* **MATERIAL TO PROCESS**:
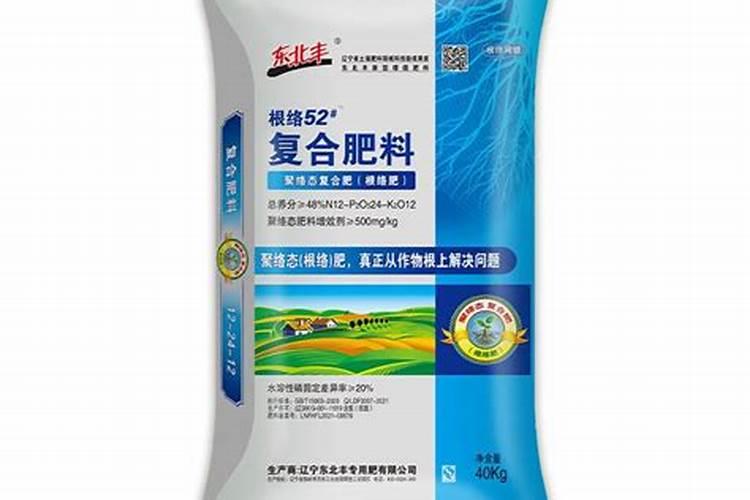 控释肥和缓释肥的区别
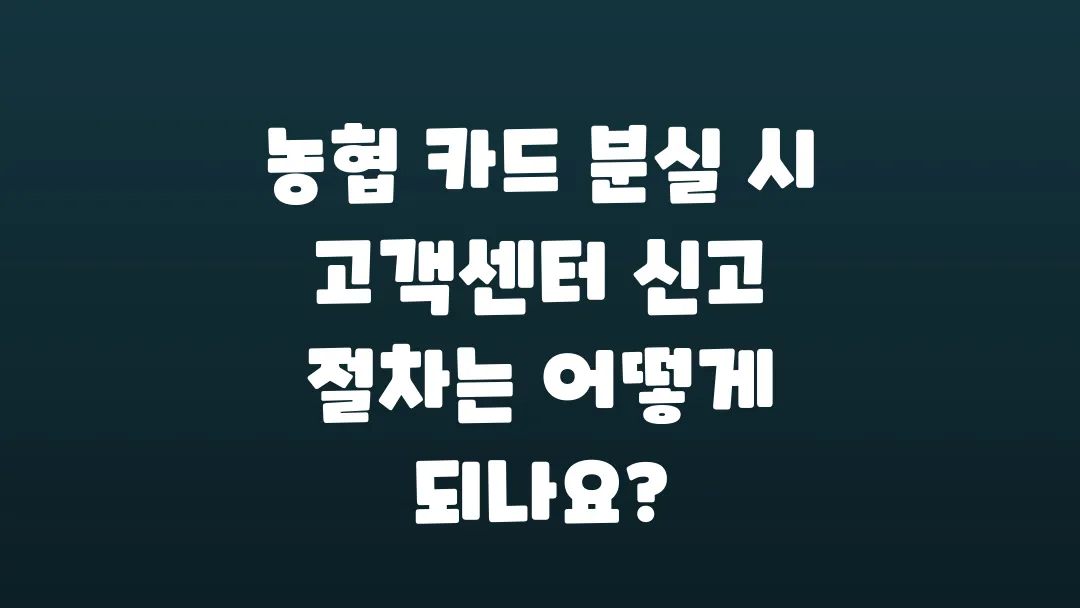농협_카드_분실_시_고객센터_신고_절차는_어떻게_되나요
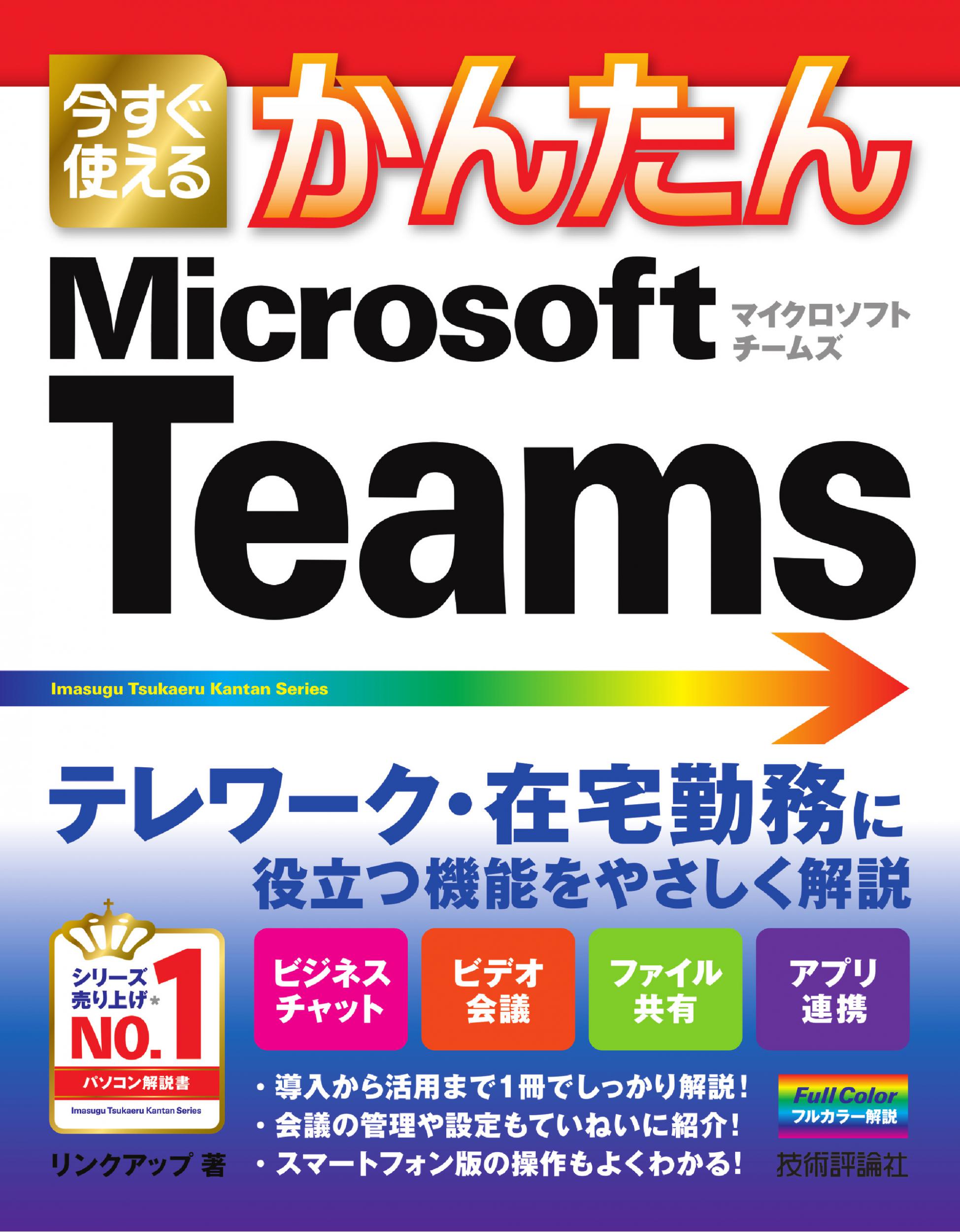Microsoft Teamsの商品画像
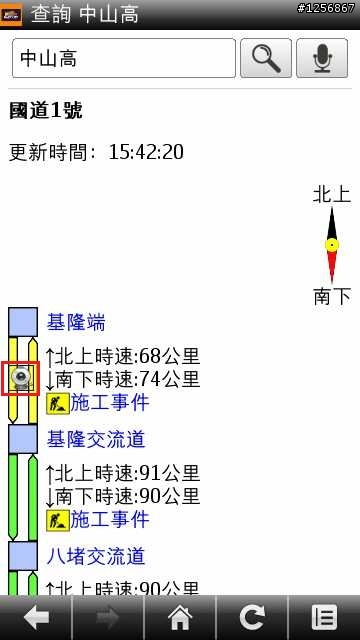 N8 也可以使用 VoiceGo 嚕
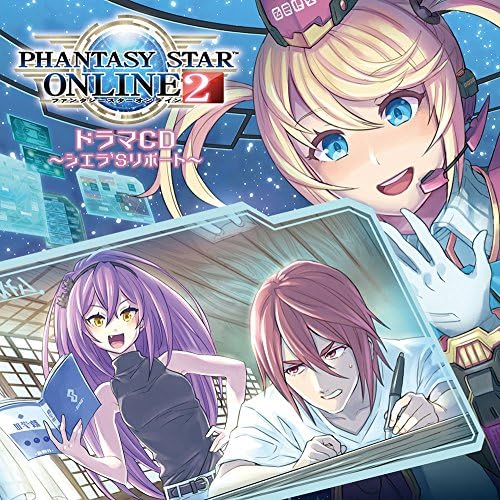 ドラマcd Phantasy Star Online 2 シエラ Sリポート 木村珠莉 シエラ 伊瀬茉莉也 ウルク ユクリータ 水橋かおり アウロラ M A O アイカ アニメ ミュージック Amazon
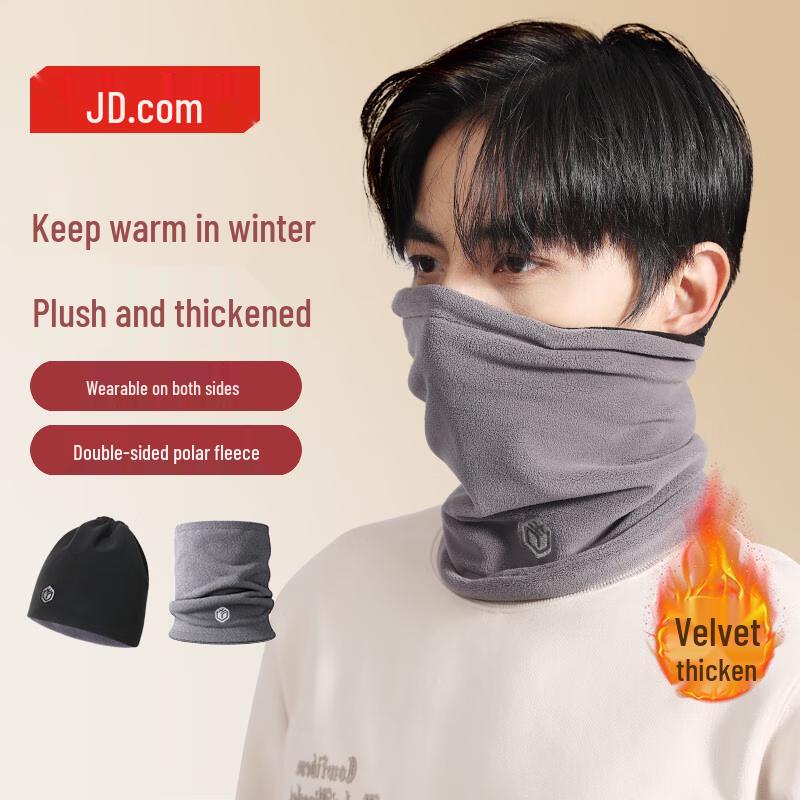 Fleece Lined Cycling Neck Gaiter & Face Mask
Fleece Lined Cycling Neck Gaiter & Face Mask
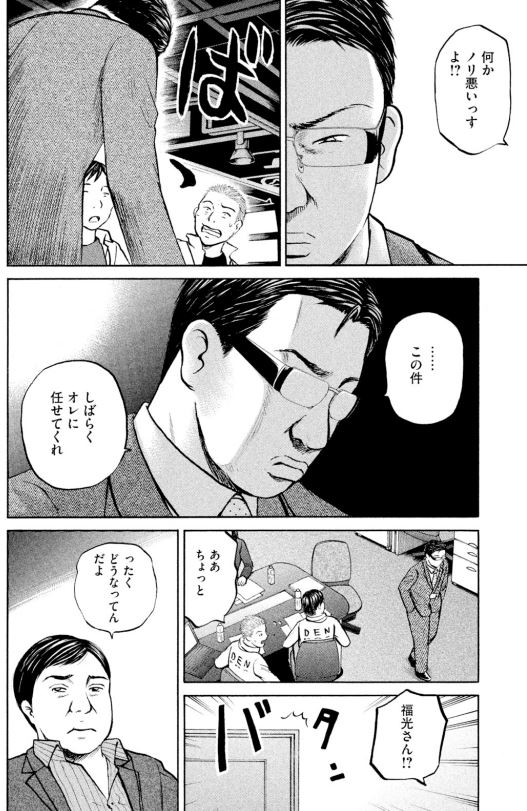 あおい「産婦人科編」㉞  4/6 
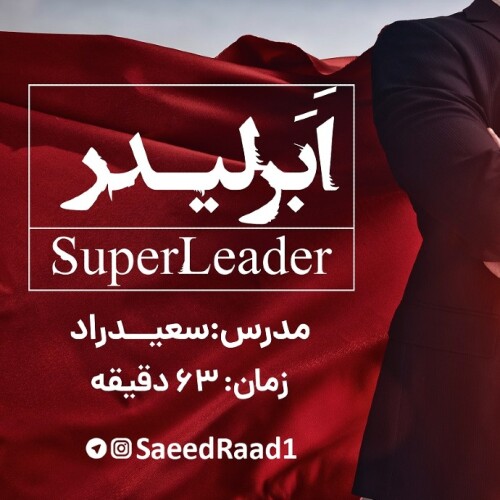 پادکست چطور در بازاریابی شبکه ای به ثروت ماندگار برسیم؟
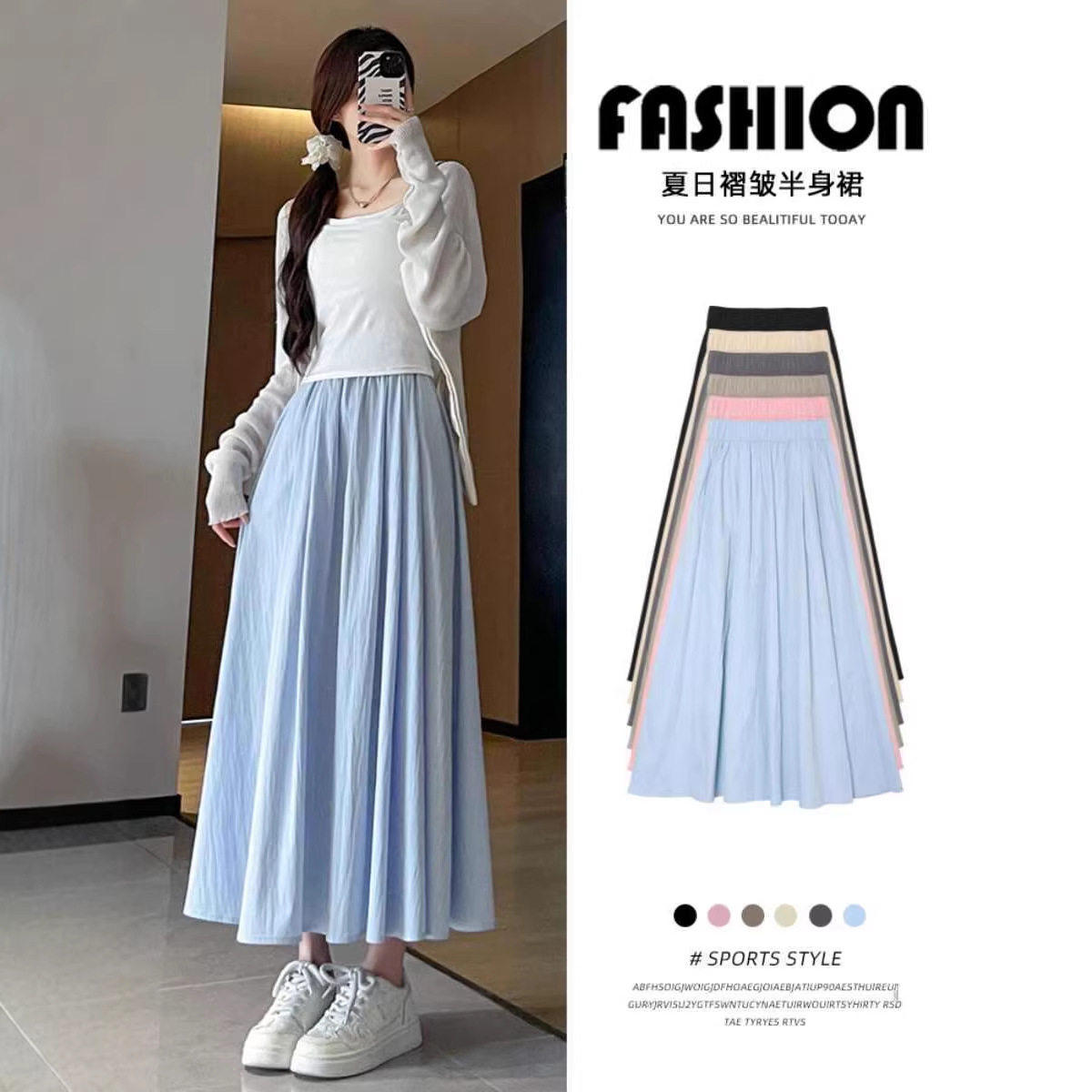 慵懒半身裙女夏季冰丝薄款2026新款褶皱感伞裙小个子山本裙中长款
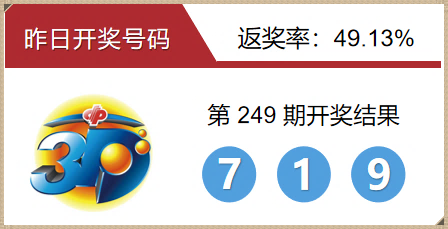 2024澳门码今晚开奖号码，工作解答解释落实_ios19.77.80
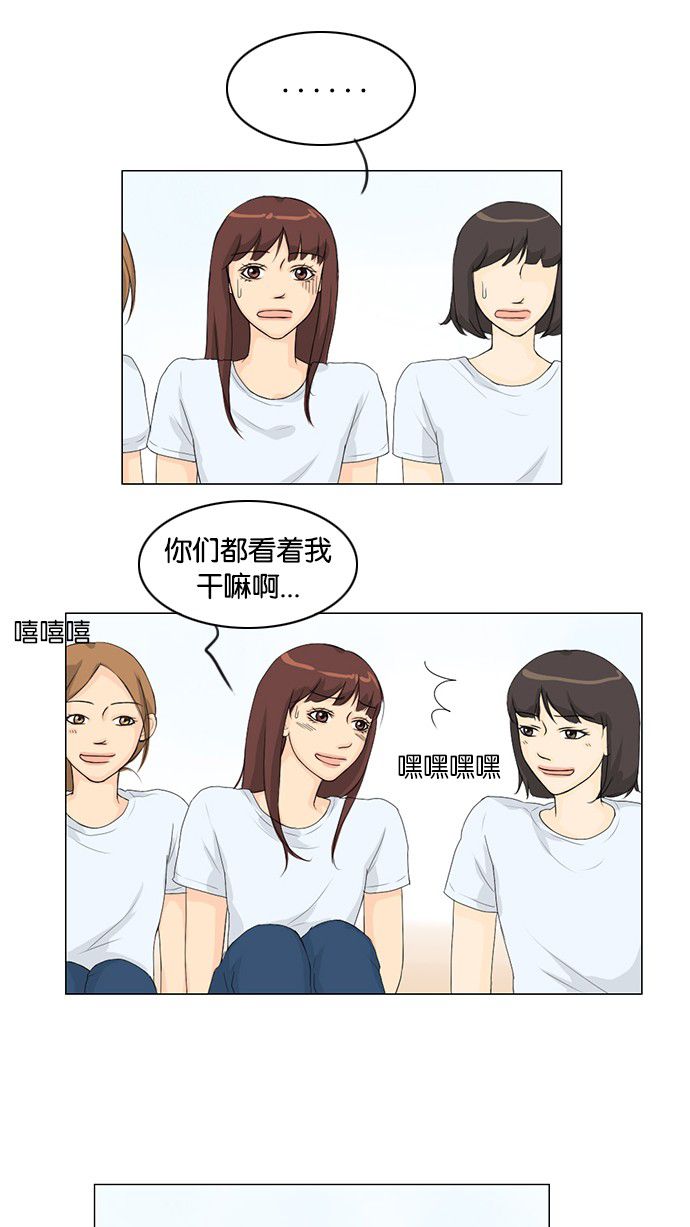 第33话 第 9 页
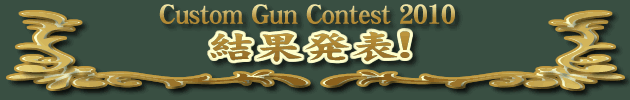 カスタムガン コンテスト 2010 結果発表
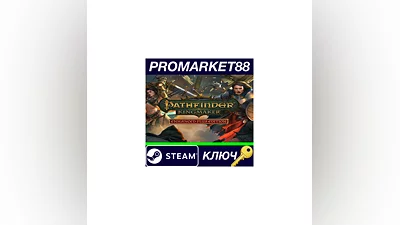 Pathfinder: Kingmaker Enhanced Plus Edition NA Steam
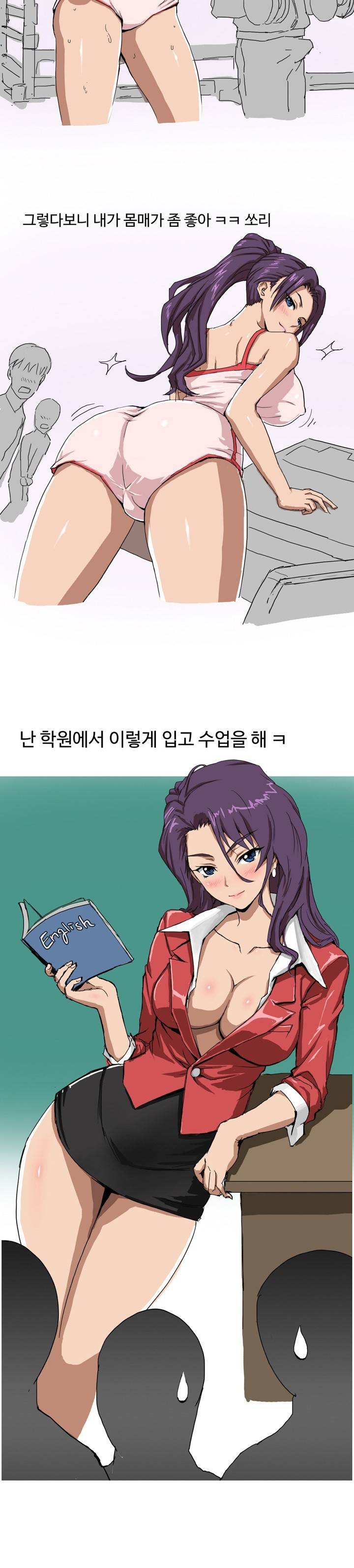 제3화 토익학원 제자랑 한썰(상) 썰만화 Forever 3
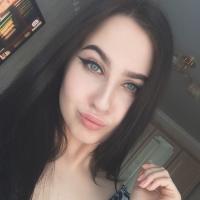 Полина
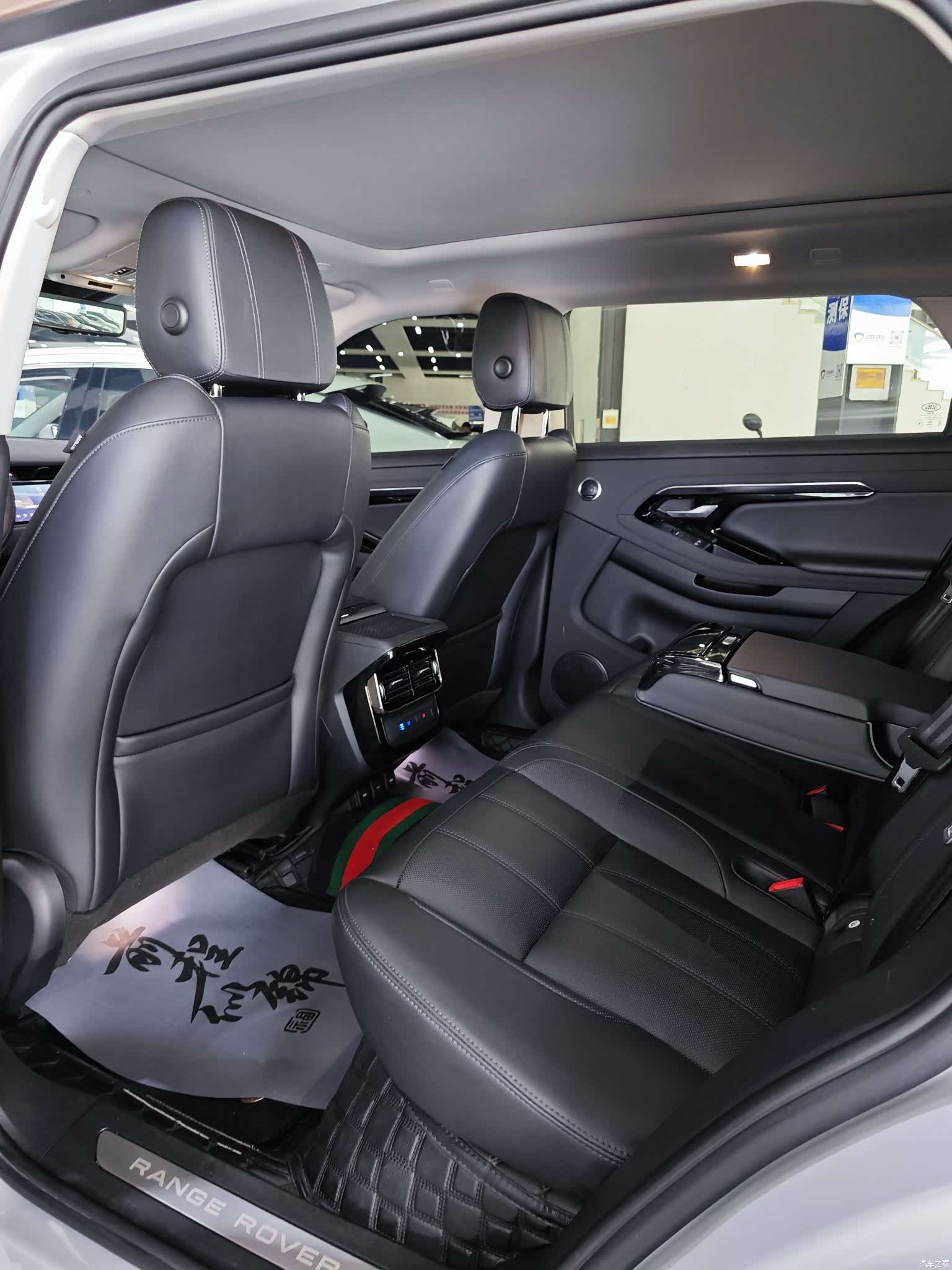 Land Rover Range Rover, 2023 6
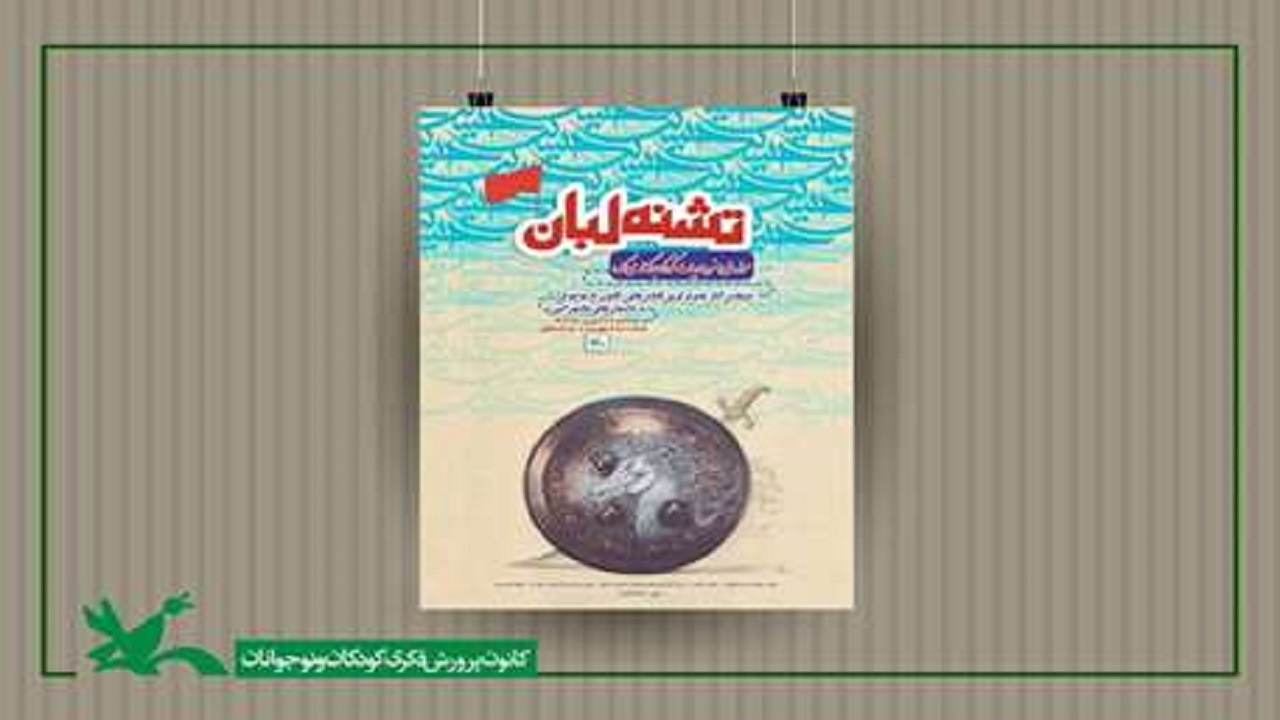 نمایشگاه آثار تصویرگری عاشورایی برگزار می‌شود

* **YOUR OBJECTIVE**: For this exercise, set down exactly the lines that run from the line holding "پادکست چطور در" to the last line of the records above; include both end lines and omit pictures.

* **ANSWER BELOW**:
 پادکست چطور در بازاریابی شبکه ای به ثروت ماندگار برسیم؟
 慵懒半身裙女夏季冰丝薄款2026新款褶皱感伞裙小个子山本裙中长款
 2024澳门码今晚开奖号码，工作解答解释落实_ios19.77.80
 第33话 第 9 页
 カスタムガン コンテスト 2010 結果発表
 Pathfinder: Kingmaker Enhanced Plus Edition NA Steam
 제3화 토익학원 제자랑 한썰(상) 썰만화 Forever 3
 Полина
 Land Rover Range Rover, 2023 6
 نمایشگاه آثار تصویرگری عاشورایی برگزار می‌شود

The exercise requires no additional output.